Alicia’s reputation as an excellent singer of Judeo-Spanish song once again led scholars and folklorists to her home in Ashkelon from the early 1980’s onward. Recordings and interviews of Alicia were conducted by figures such as Moshe Shaul and Gladys Pimienta (Kol Israel Radio), Susana Weich-Shahak, Judith R. Cohen, and the late Nina Pinto-Abecasis. These meetings with Alicia resulted in countless publications pertaining to the songs, stories, customs, and rituals of the Jews of Tetuan, such as Pinto-Abecasis (2014), and Pimienta (2019). Weich-Shahak’s recordings and scholarly publications are especially prolific (see 1989; 1997; 1995; 2001; among others). Selected Weich-Shahak recordings of Alicia can be heard on the JMRC release, Judeo-Spanish Moroccan Songs for the Life Cycle (1989).

Alicia’s lifetime of dedicated remembrance has provided a broad base of invaluable knowledge regarding the Jewish communities of North Morocco, including their rich musical lore. It has truly been an honor to study the life and vast repertoire of this remarkable individual. More details regarding Alicia’s biography, including an in-depth analysis of her recorded collections, are included in my forthcoming study. 

https://jewish-music.huji.ac.il/content/judeo-spanish-moroccan-songs-life-cycle

 

Alicia’s voice

Nuestro Señor Eloheinu, a Judeo-Spanish song for Passover, recorded by Henrietta Yurchenko in Tetuan, 1956

 

References

Alvar, Manuel. Cantos de boda judeo-españoles. Madrid: CSIC, 1971.

Alvar, Manuel. Endechas judeo-españoles. Madrid: Instituto Arias Montano, 1969.

Larrea Palacín, Arcadio de. Cancionero judio del norte de Marruecos: Romances de Tetuan, 2 vols. Madrid: Consejo Superior de Investigaciones Científicas, Instituto de Estudios Africanos, 1952.

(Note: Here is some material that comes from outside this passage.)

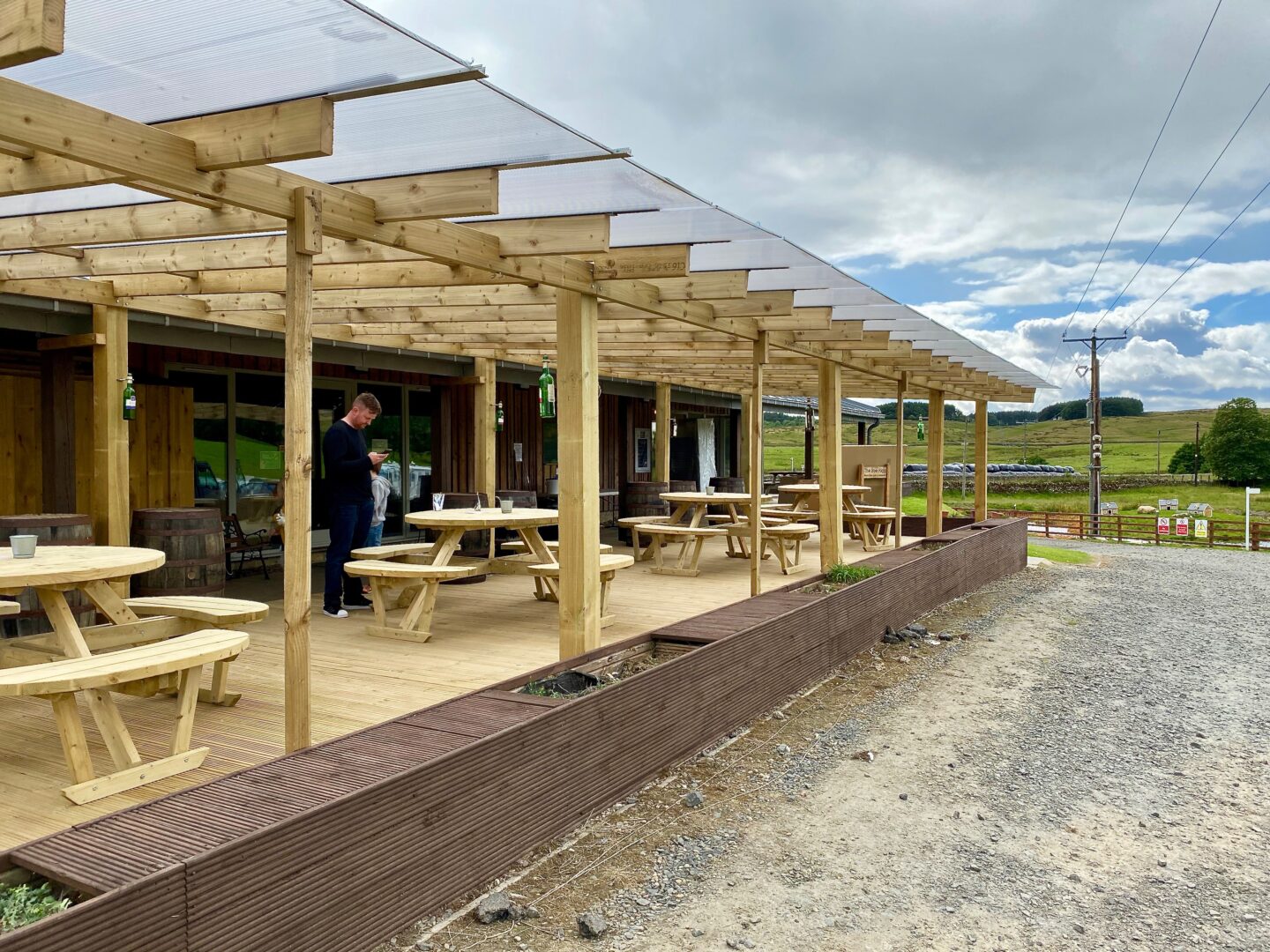 Outdoor seating at the Boe Rigg restaurant - 4 picnic tables under a pergola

Larrea Palacín, Arcadio de. Cancionero judio del norte de Marruecos: Canciones rituales hispano-judias. Madrid: Consejo Superior de Investigaciones Científicas, Instituto de Estudios Africanos, 1954.

Pimienta, Gladys. Un aljófar y una perla: Facetas del Tesoro cultural de los judeoespañoles de Marruecos. Jerusalem: Colleción JEM, 2019. 

Pinto-Abecasis, Nina. The peacock, the ironed man and the half-woman. Nicknames, humor and folklore in the day-to-day speech of Tetouan’s Haketia-speaking Jews. Jerusalem: Ben-Zvi Institute, 2014. (In Hebrew) 

Weich-Shahak, Susana. Judeo-Spanish Moroccan Songs for the Life Cycle. Jerusalem: The Jewish Music Research Centre, The Hebrew University of Jerusalem, 1989. 

Weich-Shahak, Susana. “Los Romances de Alicia Bendayan muestra del Tesoro Sefardí de Tetuan.” Revista de Folklore 179 (1995). 

Weich-Shahak, Susana. Romancero Sefardí de Marruecos. Madrid: Editorial Alpuerto, S.A., 1997.

Weich-Shahak, Susana. Repertorio tradicional infantil sefardí: Retahilas, juegos, canciones y romances de tradición oral. Madrid: Compañía Literaria S.L., 2001.